Even so, she can't block everything out. She will always feel connected to nature and animals, something that got her labeled a treehugger. She will always have her dreams, and a large imagination. Maeve isn't normal, but she's doing her damndest to be. Because she's the only one, and she doesn't want to stick out. 

Yet sometimes, Maeve wakes at night with a splitting headache, and a sensation of pressure in her whole body. Those nights, she stays up wondering what she is. She doesn't feel like a witch. She has no inclination to go to Wicca. She doesn't feel normal either.

Maeve is thirteen, when she meets them.

She first encounters him when she is trying to shake a fox off her foot. The little guy's attached itself to her. So while she's snarling at it in the language of foxes, she hears a breath behind her.
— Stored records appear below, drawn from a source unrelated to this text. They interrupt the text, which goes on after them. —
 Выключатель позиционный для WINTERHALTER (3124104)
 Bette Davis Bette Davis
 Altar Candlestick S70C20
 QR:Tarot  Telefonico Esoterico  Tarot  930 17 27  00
She freezes and turns slowly, cursing mentally when she sees Daniel Goodman, a popular boy in her class. The fox bounds away.

She opens her mouth to say something, anything-but he cuts her off. Breathless, he says-

"You too?"

She stares, unwilling to acknowledge the hope rising in her chest.

That night, Daniel invites her to his house. After a calm and pleasant and somewhat-awkward-because-Maeve-can't-stop-staring-at-Daniel dinner and meeting Daniel's sister, Kendra, Daniel drags both Maeve and Kendra upstairs to his room. He locks the door and turns round.

"What's this about bro?" Kendra asks, brushing shaggy blond hair out of crystal green eyes.

Kendra listens attentively as Daniel explains what Maeve's told him, with Maeve interjecting occasionally with corrections and further explanations.

When Daniel's done, Kendra doesn't speak for a moment. Maeve feels nervous. Then Kendra looks up, and brushes Maeve's black hair out of her eyes.

"Wow, Maeve, me and this idiot", gesturing to Daniel, "thought we were the only ones."

Maeve smiles. "Yeah, so did I."

Maeve comes over to their house again on Saturday. The day is spent eating ice cream, practicing magic by pranking jerks, and walking in the park.

And when Maeve sits in between Kendra and Daniel, her new friend and crush, she doesn't feel lost anymore.